── Extracted material

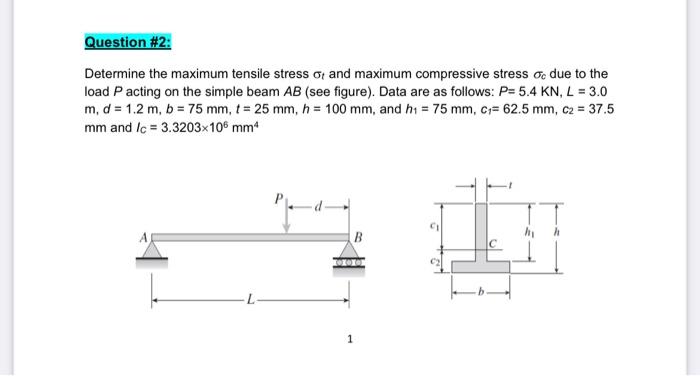 Solved Question #2: Determine the maximum tensile stress of | Chegg.com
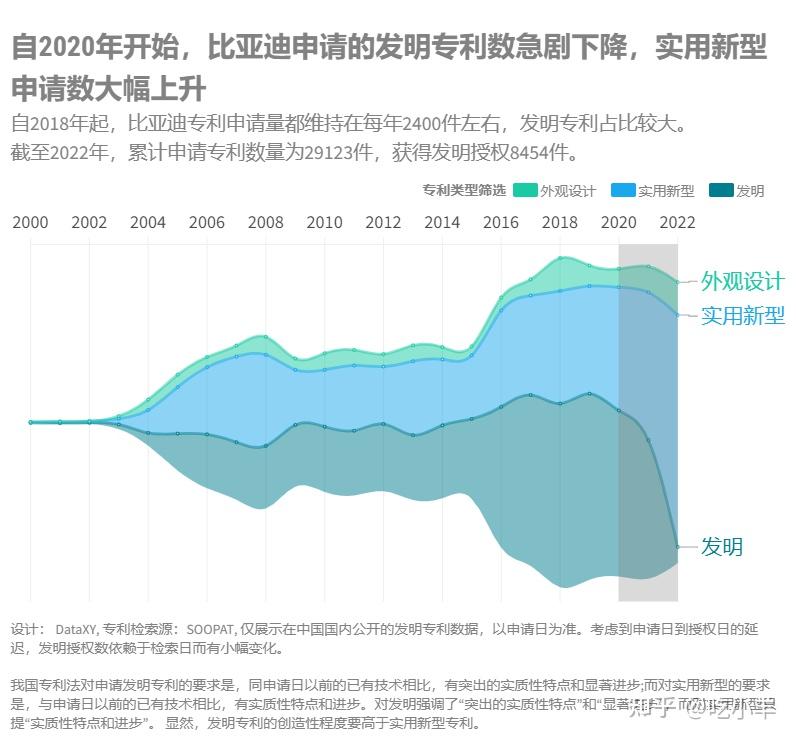 比亚迪获得实用新型专利授权：“转接盒组件、用电设备及车辆”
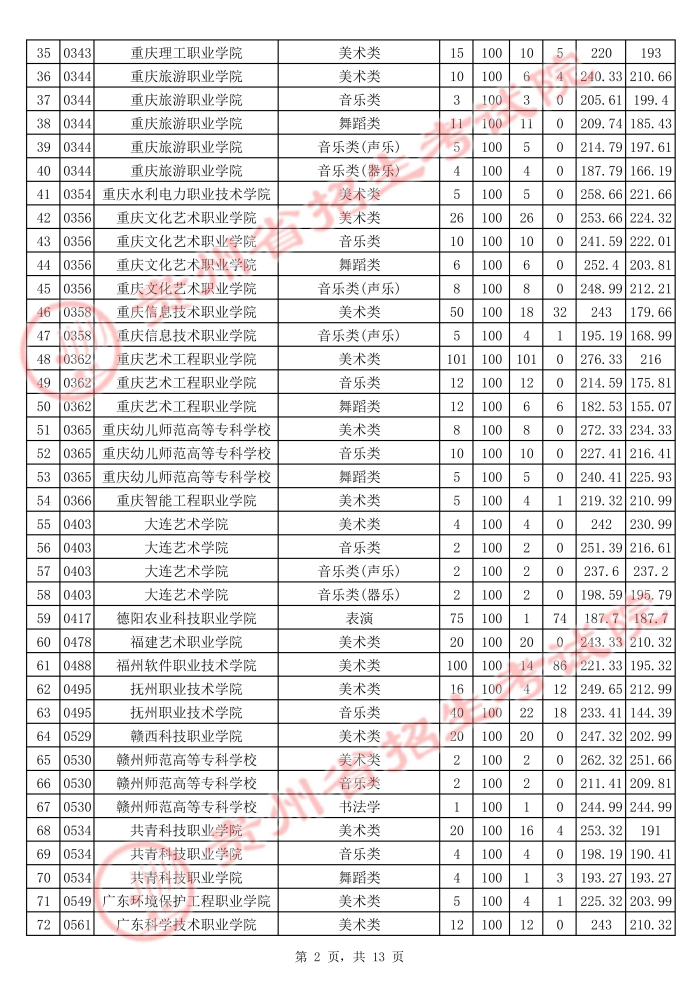 2021貴州高考藝術(shù)類?？圃盒Ｆ叫兄驹竿稒n分?jǐn)?shù)線2.jpg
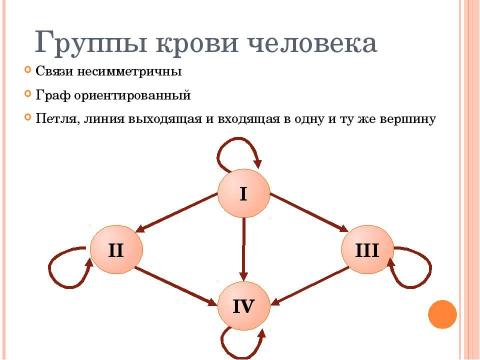 Презентация на тему "Структуры данных: деревья, сети, графы, таблицы" по информатике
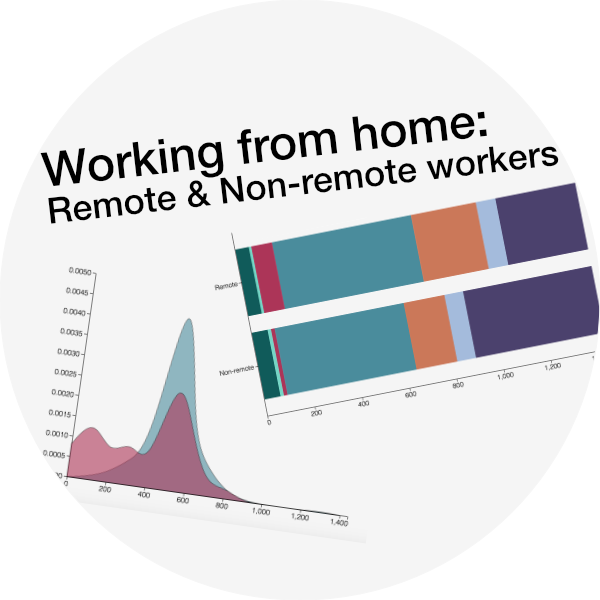 wfh remote workers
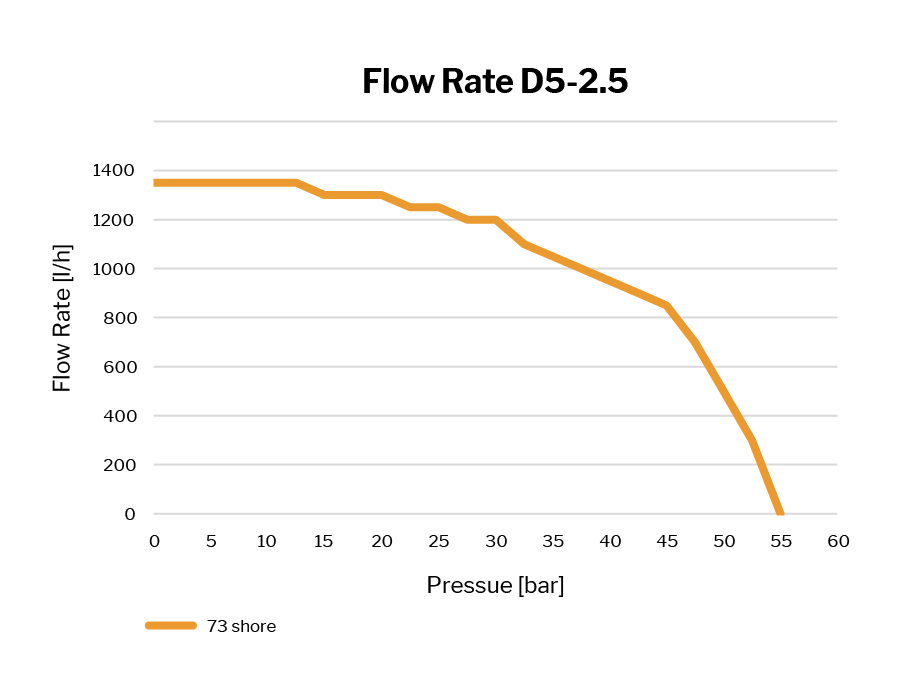 D5-2.5 Rotor Stator Set Flow Rate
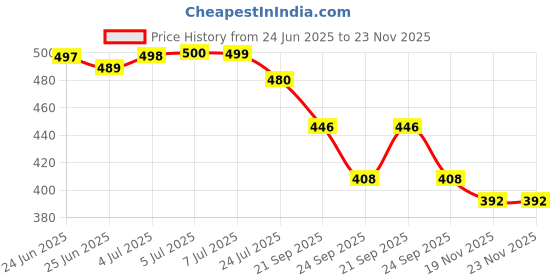 flipkart.com av cart High Bounce EPS Beads 2.5 KG Refill Bean Bag Filler av cart Price History Graph from 24 Jun 2025 to 23 Nov 2025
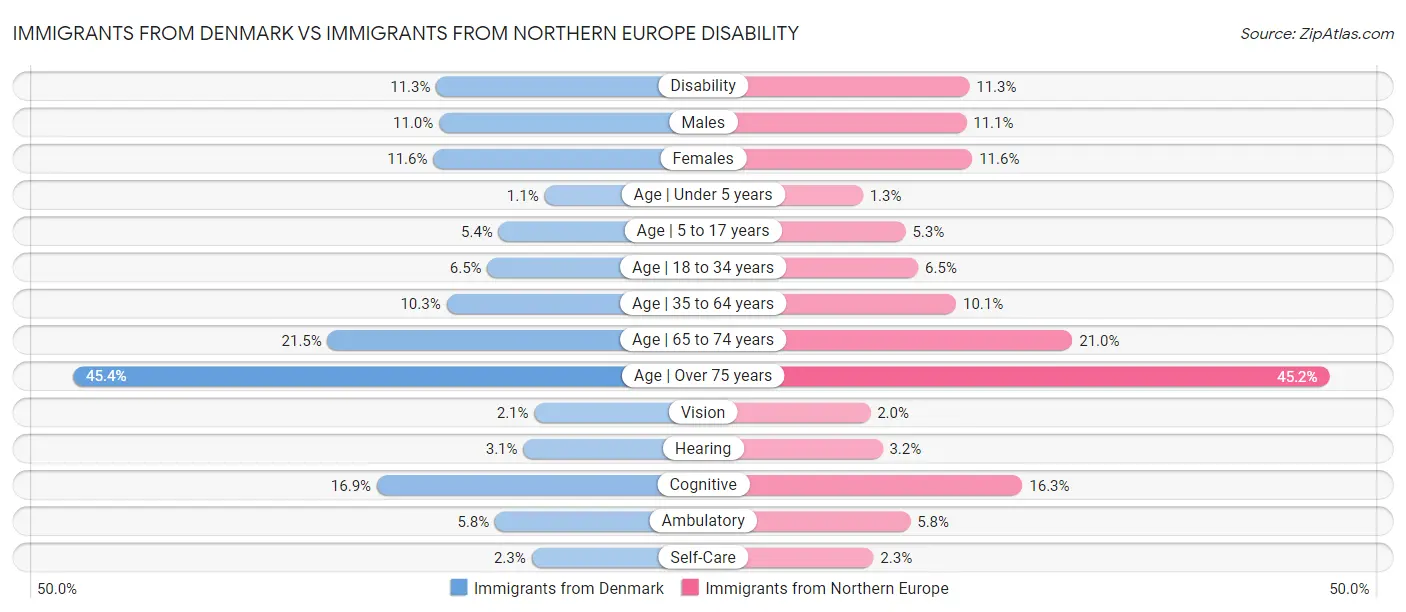 Immigrants from Denmark vs Immigrants from Northern Europe Disability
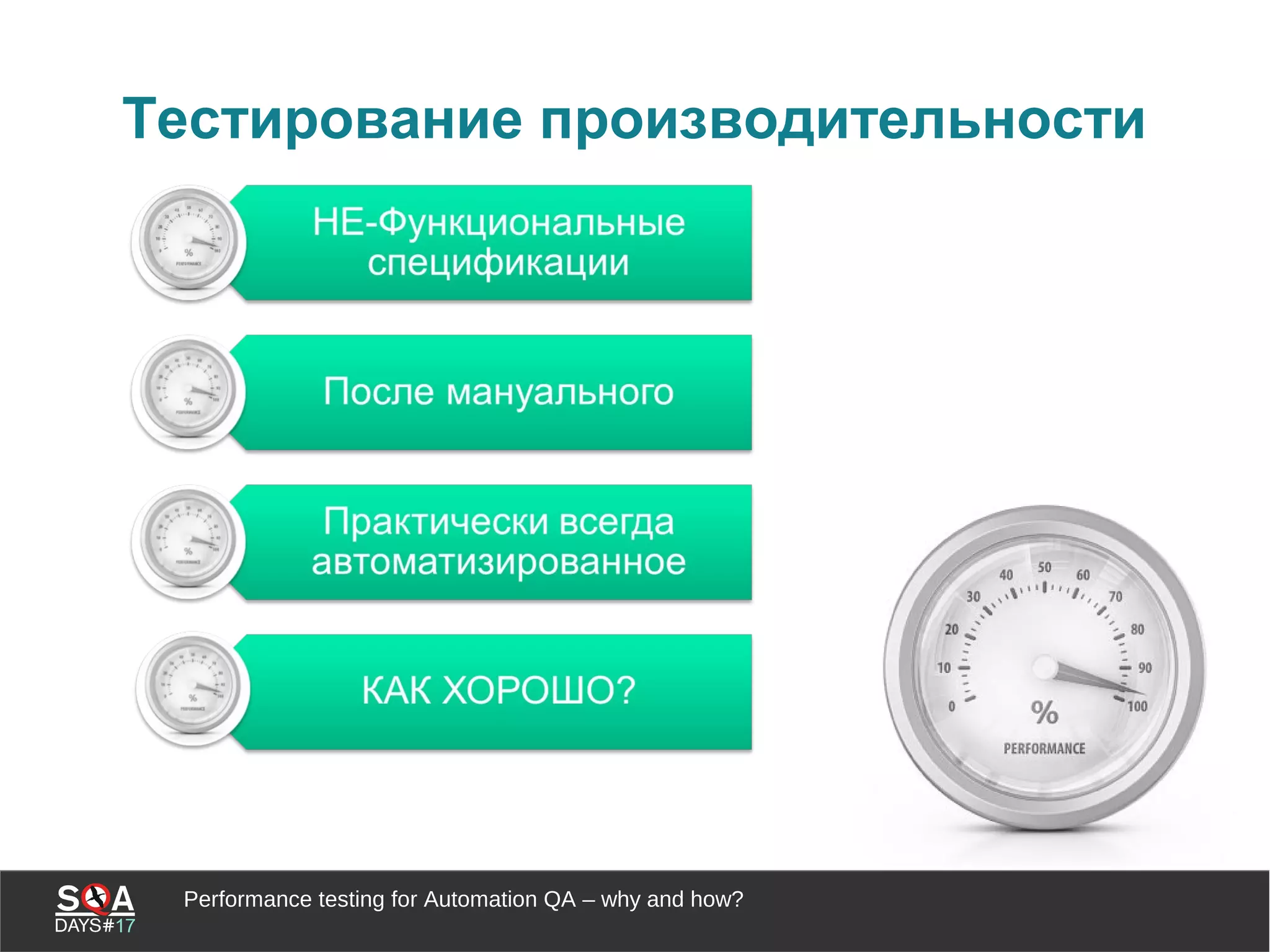 Performance testing for Automation QA – why and how?
Тестирование производительности
 
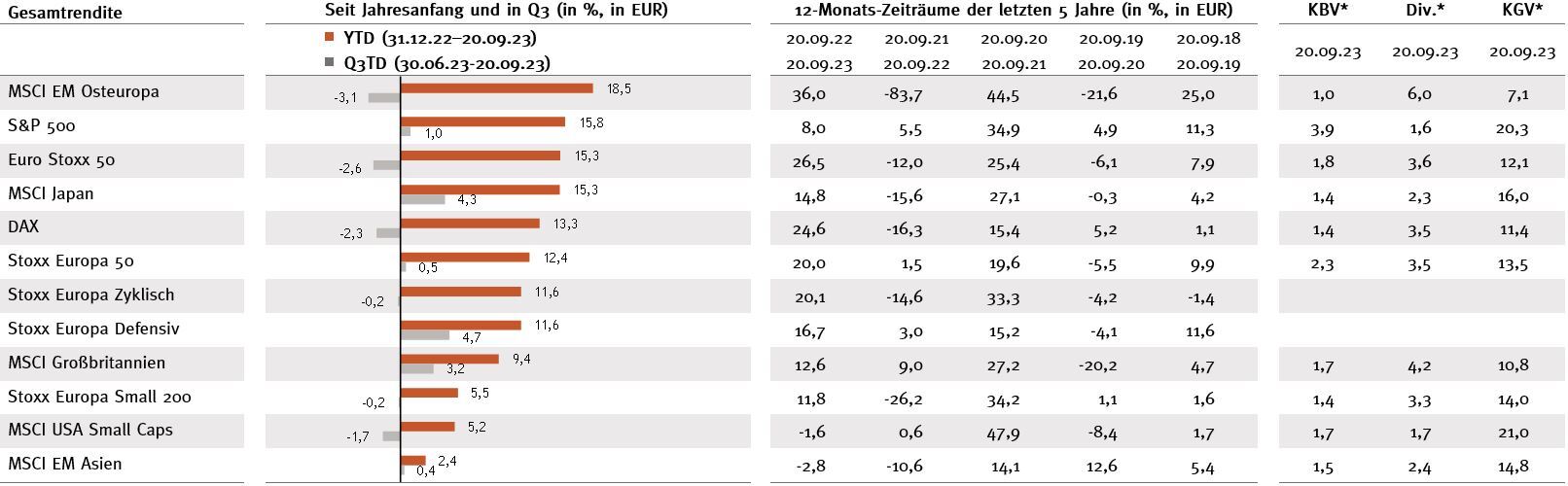 Horizonte q4 2023 Aktien Tabelle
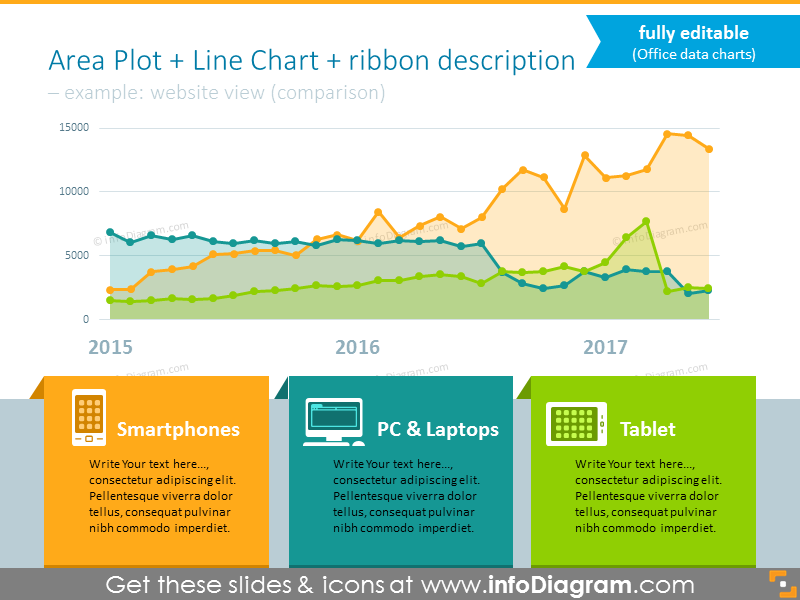 Line chart diagram with description in the form of ribbon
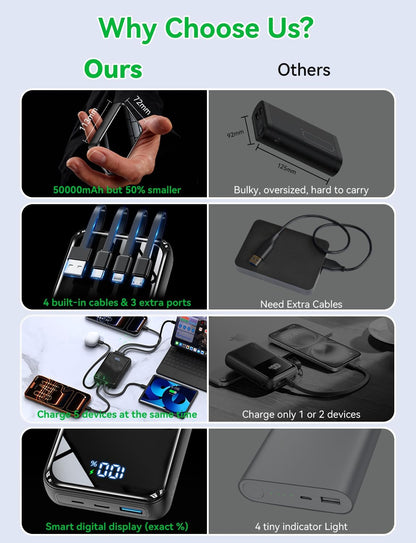Portable Charger Power Bank 60000mAh, 50% Smaller Fast-Charge Battery Pack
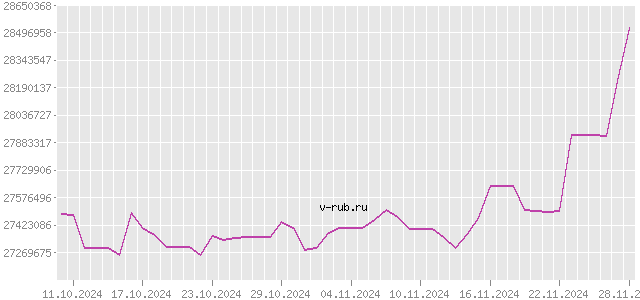 График изменения курса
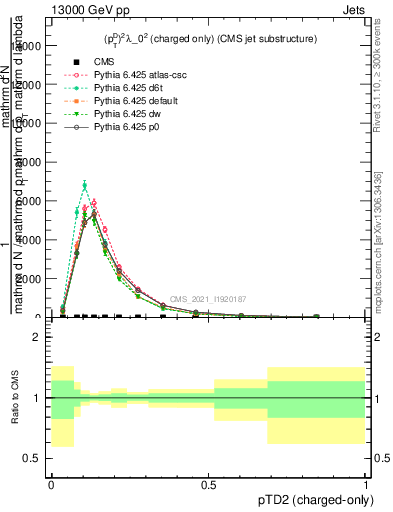 Plot of j.ptd2.c in 13000 GeV pp collisions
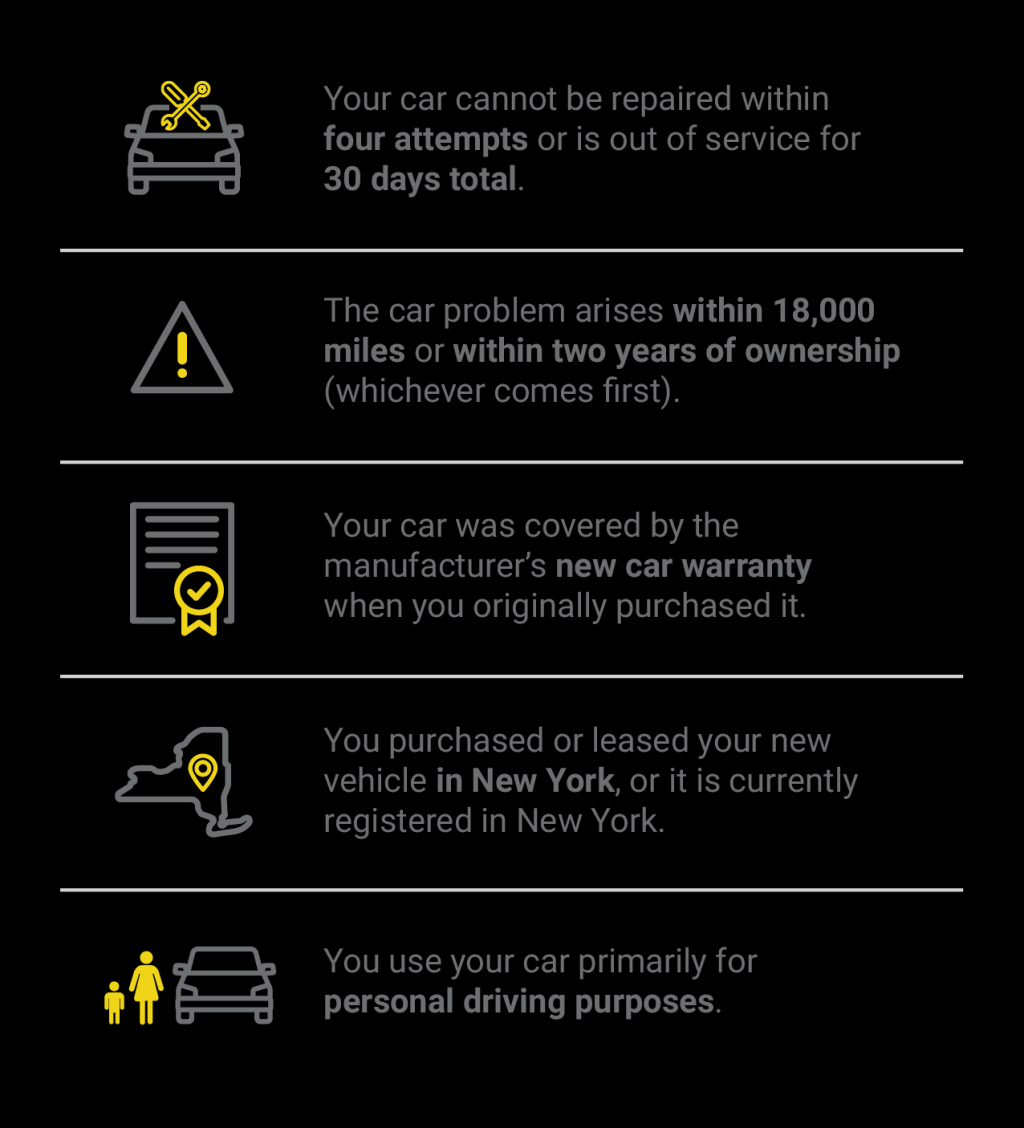 Picture of: NY Lemon Law Information – Lemon Law Requirements In New York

────

■ **Work task**
An exact copy is needed of every line from the one holding "Тестирование производительности" to the end of the entries above, both ends kept and each picture dropped.

■ **Result of this exercise**
Тестирование производительности
 
 Horizonte q4 2023 Aktien Tabelle
 Line chart diagram with description in the form of ribbon
Portable Charger Power Bank 60000mAh, 50% Smaller Fast-Charge Battery Pack
 График изменения курса
 Plot of j.ptd2.c in 13000 GeV pp collisions
 Picture of: NY Lemon Law Information – Lemon Law Requirements In New York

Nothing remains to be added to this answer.